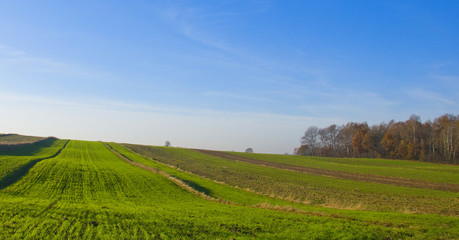 Fototapeta premium spring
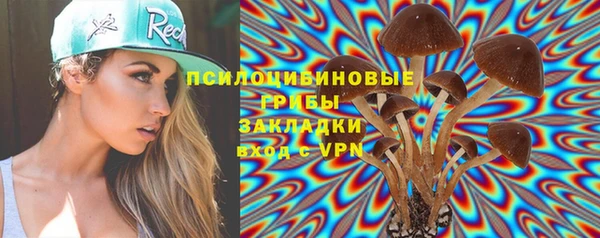 ГАЛЛЮЦИНОГЕННЫЕ ГРИБЫ Михайловск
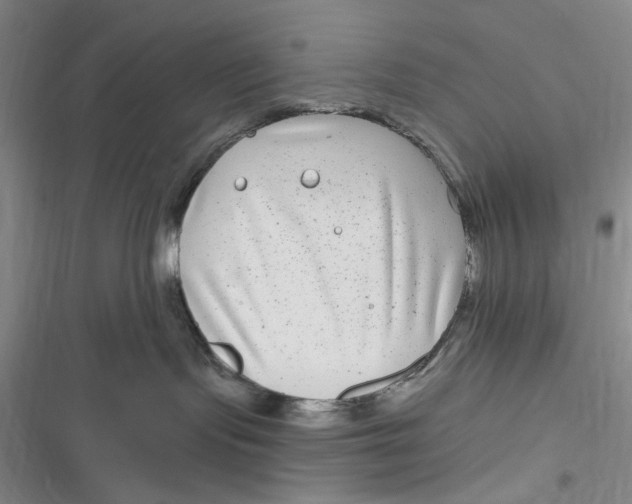 X0000116890095201001121352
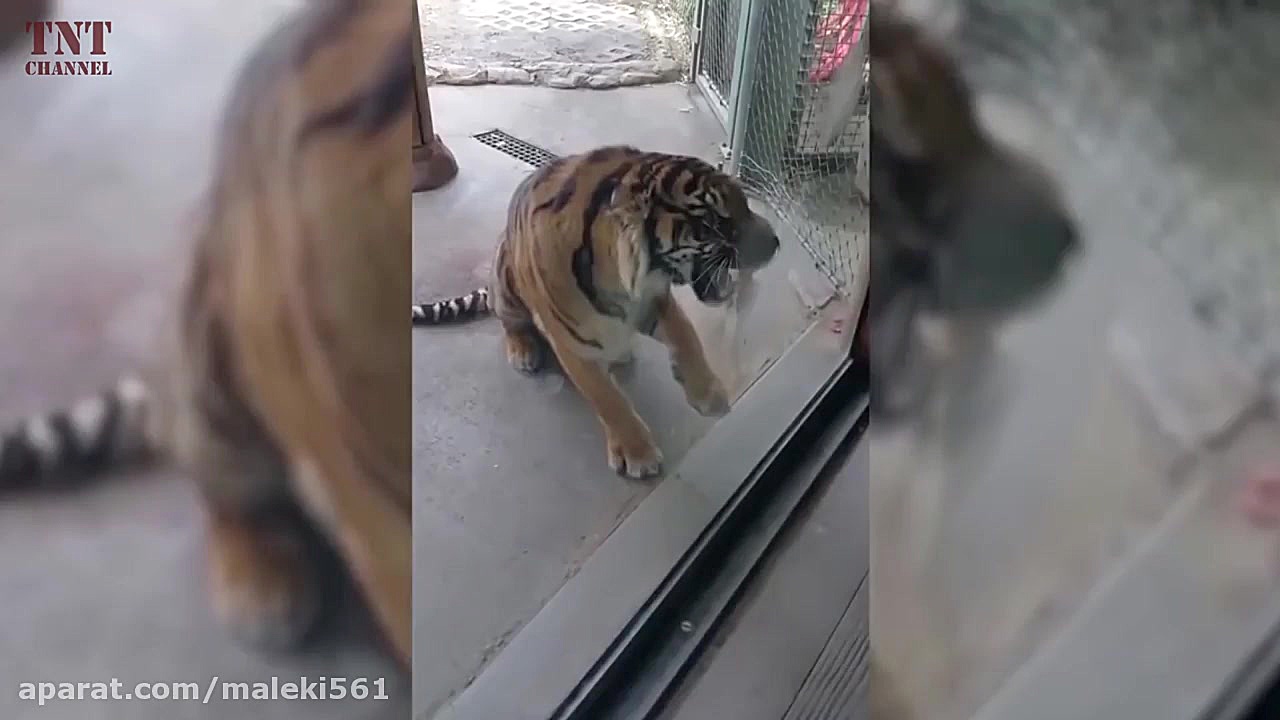 حیوانات باغ وحش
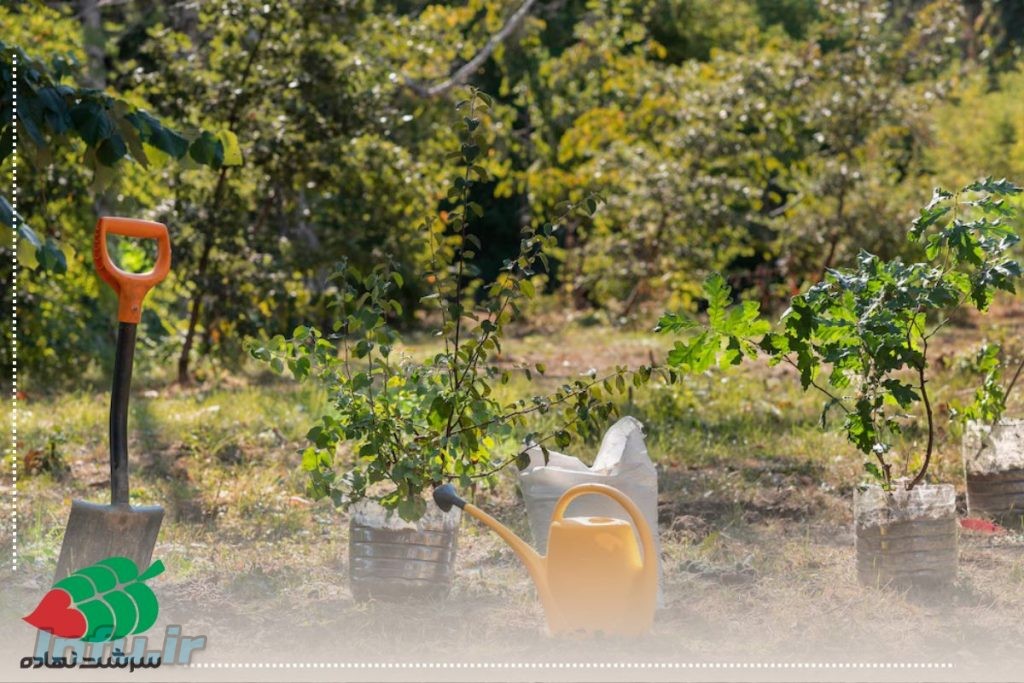 کود مناسب فصل پاییز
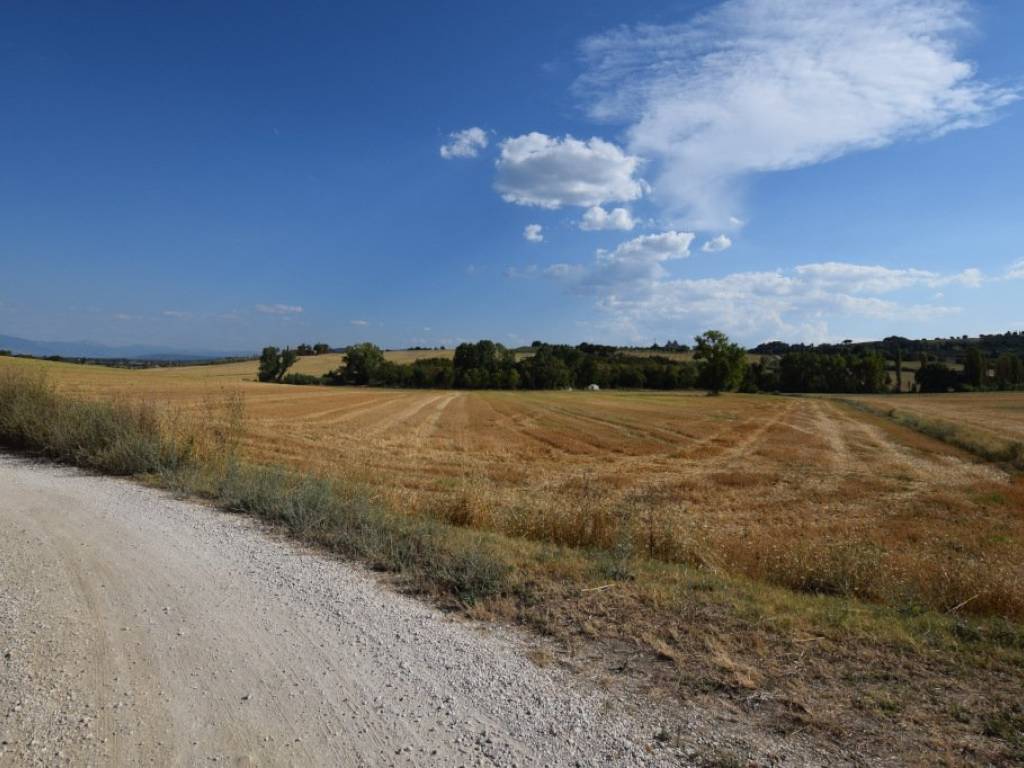 Terreno agricolo, collestrada, perugia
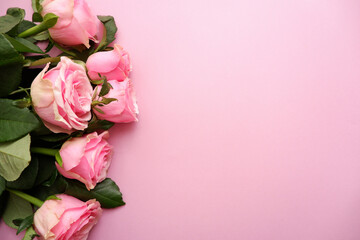 Beautiful pink roses on pink background. Love, Rose day , Mother's day and Valentine day floral background. 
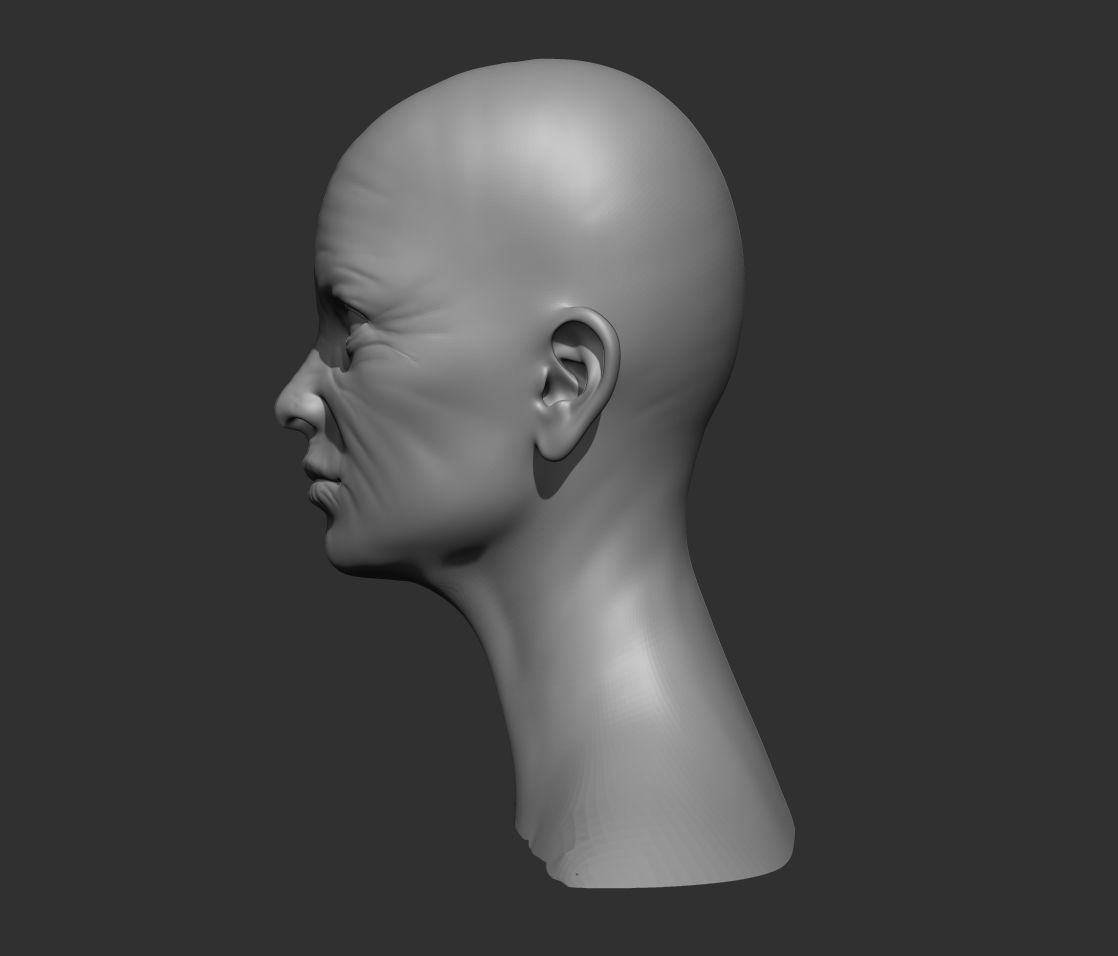 Old Female Head Realistic Base Mesh 3D Model 3D model_3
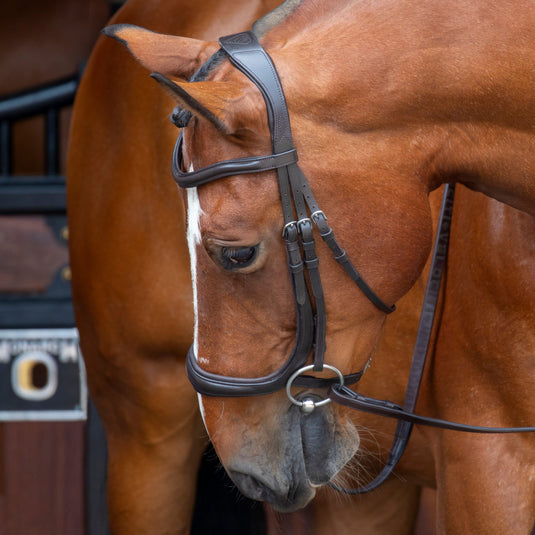 Velociti RAPIDA Ergonomic Cavesson Bridle
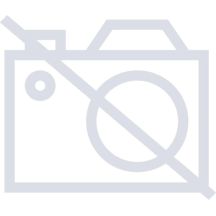 G&G Etiketten 12 StĂĽck fĂĽr DYMO 99012/ S0722400 36 x 89 mm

## Problem statement:
Without any of its images, the data above should be returned exactly.

## Final answer:
 Fototapeta premium spring
 ГАЛЛЮЦИНОГЕННЫЕ ГРИБЫ Михайловск
 X0000116890095201001121352
 حیوانات باغ وحش
 کود مناسب فصل پاییز
 Terreno agricolo, collestrada, perugia
 Beautiful pink roses on pink background. Love, Rose day , Mother's day and Valentine day floral background. 
 Old Female Head Realistic Base Mesh 3D Model 3D model_3
 Velociti RAPIDA Ergonomic Cavesson Bridle
 G&G Etiketten 12 StĂĽck fĂĽr DYMO 99012/ S0722400 36 x 89 mm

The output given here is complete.